Seymour":1i4m13l5 said:
I can sum this issue up in 2 words.
Roster depth.
Now that everyone is paid, depth took a big hit, and we are carrying far more rookies and cheaper players than before.
Better get used to it IMO.
It's the type of thing that can fluctuate so I don't know if it's something that people will just have to get used to, but absolutely agreed with your point.
I think for awhile almost all (?) Hawks fans took it as a point of pride that the Hawks roster had the highest percentage of young UDFAs on the 53 by a pretty wide margin (it was part of the "genius" of JS/PC), but over time it has become apparent that they're just good talent evaluators, rather than the best talent evaluators in history (a string of a few historically amazing drafts, followed by a string of really bad drafts, not counting the past two because we don't know what those will result in yet).
In any case, with poor drafting and such a heavy reliance on undrafted UDFAs of course your special teams are going to suffer.

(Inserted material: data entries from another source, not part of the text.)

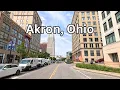 Akron Ohio 4K - Scenic Downtown Drive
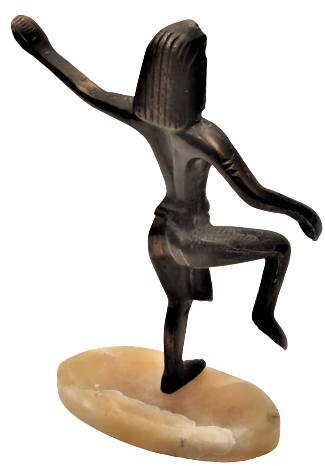 1950 MISIR KIRALİCESİ VE FİRAVUNU NEFERTİTİ BRONZ MERMER KAİDELİ FIRAUN HEYKELİ SANATCI İŞİ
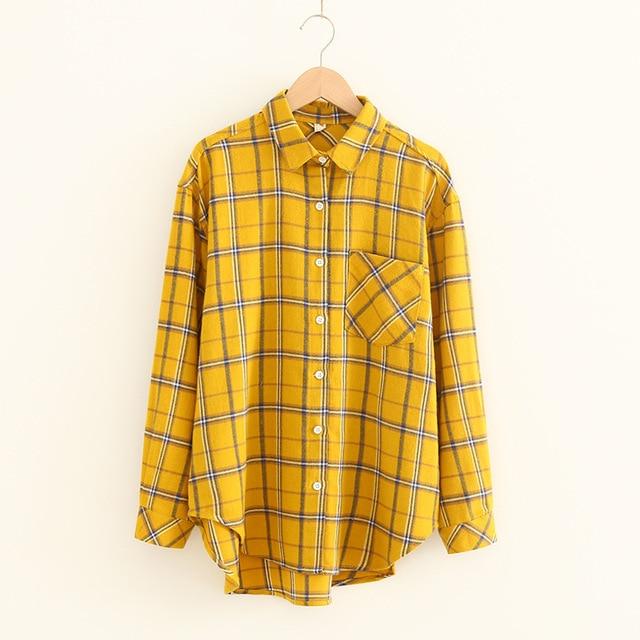 Women Blouses And Shirt Casual Plaid Shirts Loose Boyfriend Style 100% Cotton Ladies Tops Outwear 2020 Oversized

Part of it I think is just the way that JS/PC speculate for talent, as they seem to -- really more than any other team -- try to find value by just taking amazing athletes who fly off the charts in height/weight/speed measures under the belief that they can turn them into football players. When you hit on one of those you found a perennial pro-bowler, but the hit rate on that strategy is really low too. It was, after all, the strategy used by the late-Al Davis Raiders (although the Seahawks won't ever get that bad in this window because unlike those Raiders they already have a pretty large core of All Pros in place).
So, not to beat a dead horse, but as I've said before, I think once that All Pro core was in place I thought the Seahawks should have shifted strategies and gone for really safe depth picks and average starter picks (read: guys with really, really good fundamentals who don't measure well), but they've continued to the do the opposite.
Both special teams and depth are going to suffer for that.